One trillion sounds like a lot

"So by some measures the SABMiller market cap is over one trillion, if your presumption is that the Treasury shares are not going to be retired and rather used by the business (I mean the shareholders) as remuneration for the top management. But technically, the short answer is that SABMiller did not really cross that mark yesterday, even though I had tweeted it earlier in the day."




To market, to market to buy a fat pig. Whoa, lift off at around three in the afternoon, I do not have access to the figures that might suggest foreign participation being higher, but I got the sense that a weakening Rand sent industrial stocks firmer. SABMiller was the star that stole the show, up 5.58 percent on the day, sending the all share index up 1.2 percent. I was convinced that the market cap had crested 1 trillion Rand, that of SABMiller.

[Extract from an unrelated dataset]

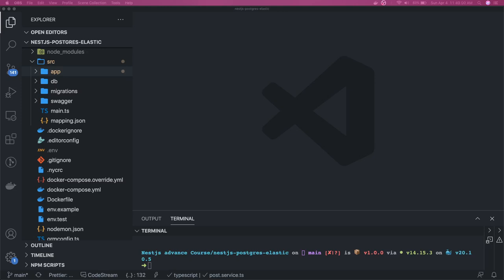Hi everyone and welcome back. In this video we are going to talk about in-memory cache in NestJS. We've talked about how we are able to connect to Postgres, get data from the APIs and all these things. Now, what if we don't want to hit the database every time whenever an API or REST API query is coming? We want to cache a particular response for five seconds, ten seconds, or a minute, and if multiple requests are coming we are going to send the response back from the cache. For that, we are going to use the NestJS cache module.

In the last annual report there are 1.671 million shares, multiply that by the closing price of 615.34 Rand and you get to 1,029 trillion Rand. But, diluted shares (share awards plus basic shares, which is ordinary minus treasury, basically) you get to 1.617 million shares in issue. That then equals 995 billion Rand. So basically another 5 billion in market cap to go, from here. Or a 3 Rand and 9 cent move in the price.

So by some measures the SABMiller market cap is over one trillion, if your presumption is that the Treasury shares are not going to be retired and rather used by the business (I mean the shareholders) as remuneration for the top management. But technically, the short answer is that SABMiller did not really cross that mark yesterday, even though I had tweeted it earlier in the day.

But wait, the last, the very last total number of voting rights SENS release (and I guess by extension the market cap) is 1,607,171,200 ordinary shares and 66,055,947 ordinary shares held in treasury mean that the combined number of ordinary shares is 1,673,227,147. Which means that the market cap is COMFORTABLY over one trillion Rand. But this is a case of when a trillion Rand is not quite a trillion Rand.

A few days ago SABMiller put out a SENS in which "Directors and Persons Discharging Managerial Responsibility" were provisionally allocated nil cost awards. Now a provisional allocation sounds like a seat at the theatre or a sporting event that you need to pay for, but in this case it is remuneration. From Alan Clark, the CEO through to Catherine May, the Corporate affairs director, 376,629 shares were awarded. Not a lot, or it does not sound like a lot, but in Rand that is 231,75 million Rand. Again, not enough to shift the needle in terms of market cap over that mark, but you get the whole picture, for these 12 individuals it is amazing.

But the other point that is worth making is that 1 trillion Rand in a global sense is not that much. Don't get me wrong, it is an enormous amount of money, but when you say, oh, SABMiller has a market cap of 55.78 billion Pound Sterling, it does not have the same impact of saying one trillion.

I guess in the same way that we struggle with South Korean market capitalisations, Samsung Electronics has a market cap of 185.5 trillion Won, it is 206 billion Dollars, that number. Both enormous numbers, but the brain is unable to quantify trillions. The Koreans should chop a few noughts off, for all of us. So should the Japanese, just for us, just so you can be reasonable in terms of the numbers. In the end it all boils down to what you are prepared to pay for the business today.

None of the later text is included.